Aubrey Solomon faced a difficult change when he arrived in Ann Arbor.
The freshman defensive tackle weighed “315, 320” pounds, and after meeting with a nutritionist, was told he “ate like crap.”
Solomon had to change his entire diet. That included giving up his first love: chicken tenders and fries.
“Too much fat,” he said on Tuesday night. “I was pretty sad.”
So vegetables and pasta have replaced fried food. He misses chicken tenders, and he didn’t like his new diet at first. But he’s already seen the results of eating healthier.
“This diet has really helped me because not only do I feel more flexible, I feel more alive,” Solomon said. “In that sense, I’ll say I don’t feel as sluggish.”
Perhaps uncoincidentally, Solomon has seen his playing time increase recently as he’s improved his conditioning.
Now at 295 pounds, Solomon learned early last week from his position coach, Greg Mattison, that he’d make his first collegiate start against Rutgers.
The news surprised him. Solomon feels there are a lot of things he can get better at, such as coming off the ball quicker or getting more disruptions and quarterback hits.
It didn’t take long, though, for Solomon to make an impact against the Scarlet Knights. With just under 10 minutes left in the second quarter, he ripped past a blocker to record a tackle-for-loss.
It was an impressive play.

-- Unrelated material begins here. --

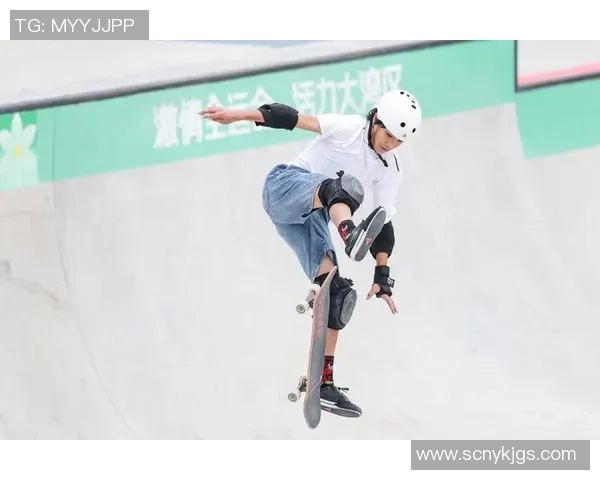 世界滑板锦标赛点评：成都滑板队的配合表现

But Solomon didn’t record a sack against Rutgers, which means he’s still behind his teammate and close friend — freshman defensive end Kwity Paye — in a friendly competition between the two.
“Every game, me and Kwity will look at each other,” Solomon said. “We were like, ‘Okay, so first one to get a sack.’ Then we were like, ‘What happens to the first person who gets a sack?’ The other person’s got to buy dinner.
“I’ve got to buy him some food. … He’s got one-and-a-half, I’ve got zero, so I’ve really got to treat Kwity out to some food because he’s balling right now. I’m broke. He just gets one meal.”
If his progression and improved physique are any indication, Solomon may catch up to Paye sooner than later.
He’ll have another chance to do so against Minnesota this Saturday — a contest that Solomon learned is a “real big game” from a class he’s in with teammates Chase Winovich, Josh Metellus, Luiji Vilain, Drew Singleton and Quinn Nordin.
“I’m in a history of collegiate sports class, and we just learned this yesterday,” Solomon said. “It’s the oldest rivalry trophy in college football. Did you guys know that? It’s been lost a couple times, but we found it.”
Solomon hasn’t seen the trophy up close and personal yet. With a slight grin, he said that’ll change Saturday.
But don’t expect Solomon to celebrate too much if Michigan wins the Little Brown Jug. He doesn’t plan on being part of the group that celebrates with the trophy before bringing it back to the locker room.
“No, because I don’t want to break it,” Solomon said. “To be honest, I don’t want to touch it.”